# Sump



## nfored (Mar 31, 2008)

Okay, so I come from a forum that has mostly fresh water fish keepers MFK.

I have never seen so many people say they don't see the point in a SUMP for FW tanks as I do on this forum. So my question is this, all of you who have that feeling, do you run fresh water also or manly SW?

I would like to have an actual discussion about this not an argument. So regardless of if your run FW or SW, if you feel sump is pointless on FW, I am interested in hearing your reasoning. I am also interested in hearing reason for sump on FW.


----------



## wake49 (Jul 2, 2008)

A sump is a sump is a sump. You can easily use it on FW as it provides a place to hide equipment (heaters, thermometers, UV sterilizer, CO2 systems, filter media, etc.). It might not be as necassary as a marine tank, but it can serve the purpose for FW too. I run a small FW tank with no sump, just HOB, but if I went bigger I would run a sump.


----------



## cerianthus (Jul 13, 2008)

Sump concept can be apllied to any tanks. 
Only draw back with sump/overflow is that in case with dutch aquarium (planted tank), i would not recommend unless modified. 
Of course if you can remove any leaves which may have caught up on strainer/overflowflow thus eliminating the possibilites of overflowing the tank, why not?
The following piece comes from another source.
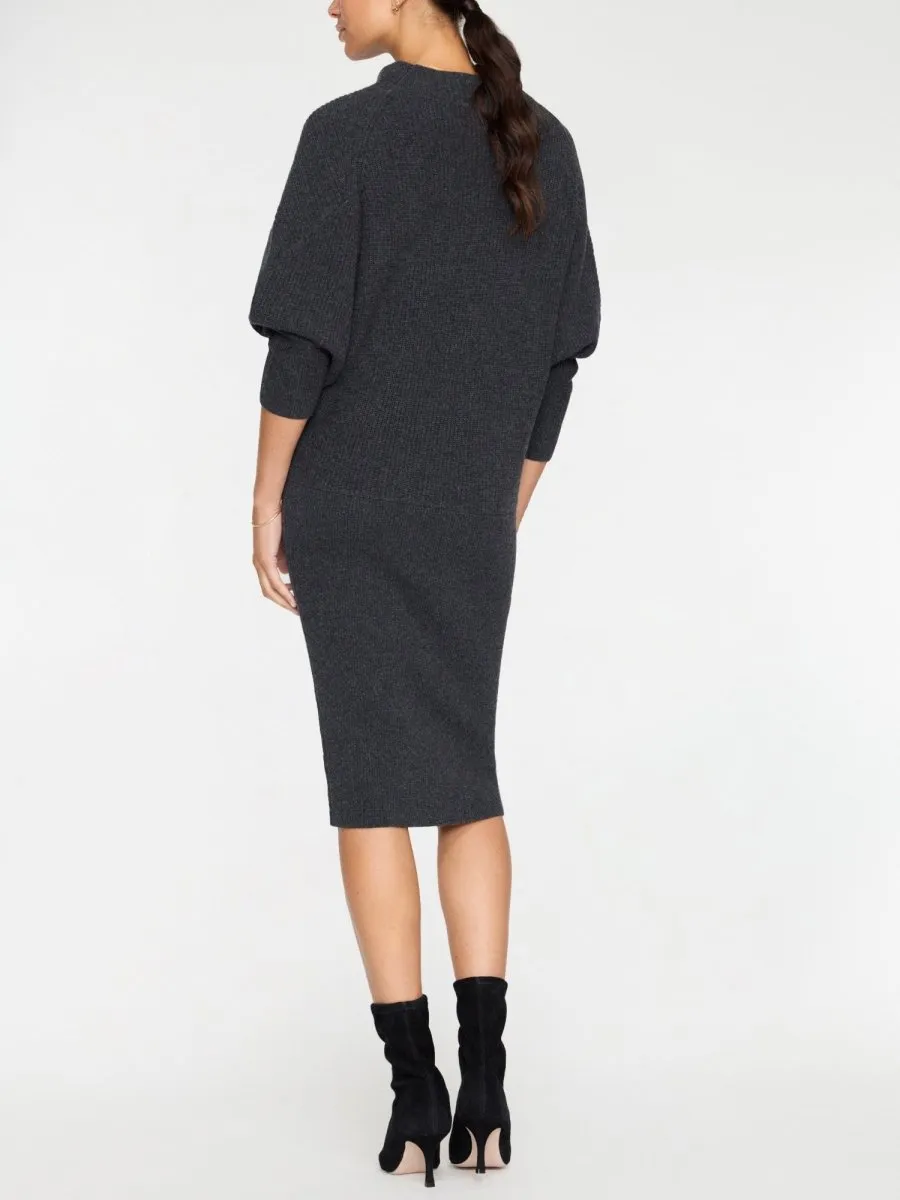 Flare Swing Button-Cuff The Clede Sweater Dress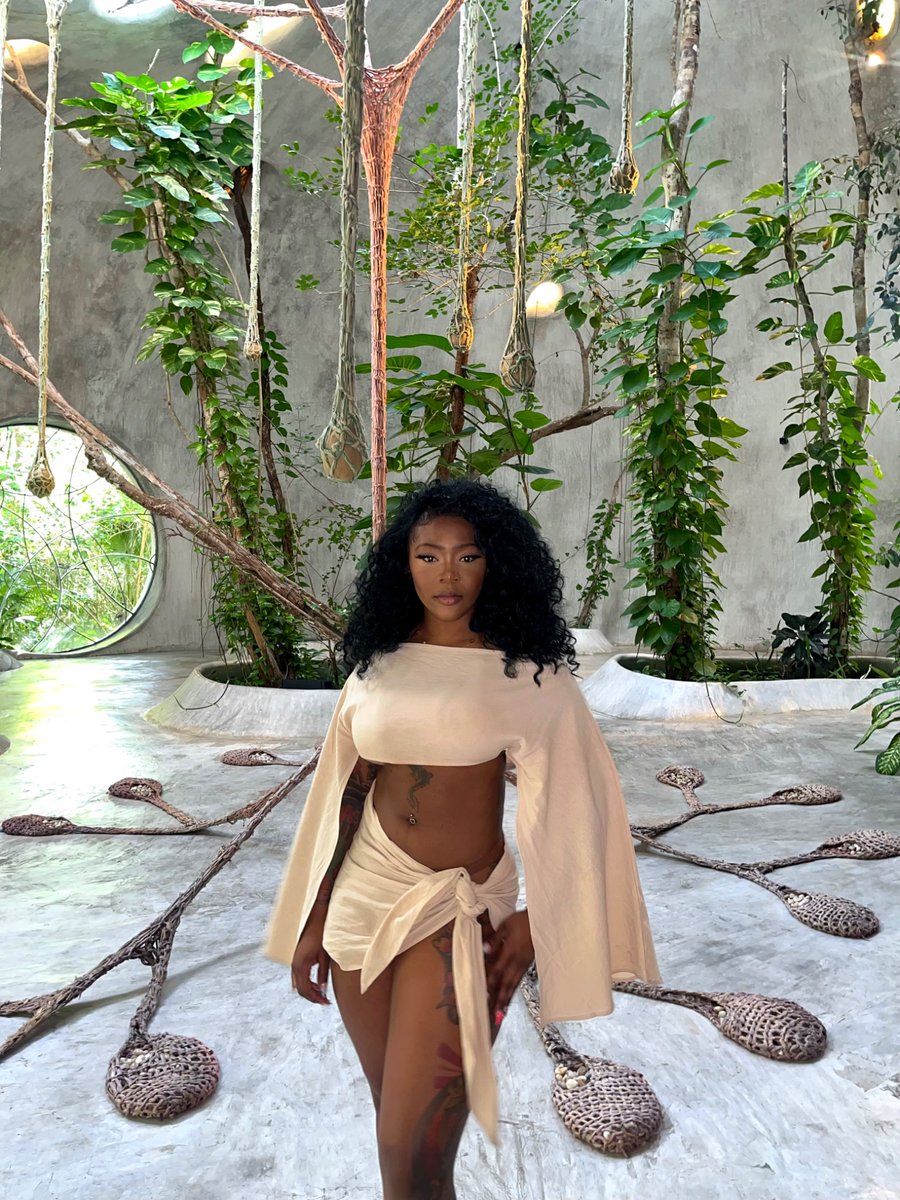 diannaV13's tweet photo. Birthday loading 🥳🍾 https://t.co/u3sPQLBQeI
As leaves pile up/block the water flow, water level will rise and can overflow and as water overflows, the water level will get low enough in the sump to run the pumps/equipments dry. 
This can be nightmare, even with ATO (auto top off) system where water on the floor and burned out equipments, not too mentioned possibility of fire may/can result.. 
Should protect the system with water detect and shut off system by detecting water on the floor(similar to one used for dishwashe/washing machne) *OR* Float switch ( Or Infrared water level Sensor) which can shut the system down when water goes too high in the tank /float switch in the sump to shut off system when water level drops.

Not trying to scare people but be aware of consequences when improperly managed.

When properly *DESIGNED/maintained* (even modification to overflow to prevent fish from getting into drainage system) , it should be the best system for any types of tank.


----------



## Pasfur (Mar 29, 2008)

In my opinion, this depends greatly on the bioload. In freshwater systems with a high bioload, traditional trickle style filters will supply the greatest amount of nitrifying bacteria. This would generally require a sump system. However, most freshwater tanks do not fit this description, so the added costs of a sump are simply not a necessity.

On a marine system, there is a huge benefit to the sump, because equipment use is often far greater. It is not unusual to see a marine system with a protein skimmer, refugium, calcium reactor, phos reactor, UV sterilizer, and even an automatic top off system. This equipment would be very unsightly without a sump.

Also, the overflow system that accompanies the sump is beneficial. Proteins bond at the surface of a marine aquarium, and the overflow skims these proteins from the surface, and then allows the Protein Skimmer to remove the proteins. This is how the term "Protein Skimmer" came into play in the United States. The correct term is Foam Separator, because the actually skimming of proteins occurs by the overflow.-)


----------



## nfored (Mar 31, 2008)

So far I have heard from people that have not said they think they are pointless in FW, sure hope to hear from some other members who think they are.

FW Sump Pros
: Constant water level in the tank, compared to any other type of filtration.
: Hiding place for equipment, its always safer to have heaters away from big fish
: When designed correctly hiding place for injured fish.
: when desinged correctly can allow cleaning without shutting down the system, and you can clean the mech filter without messing with the biomedia
: You can more easily setup drip systems for automation of water changes. We all know when things are not easy they get neglected, and in fw NitrAte is the one thing that's typically neglected.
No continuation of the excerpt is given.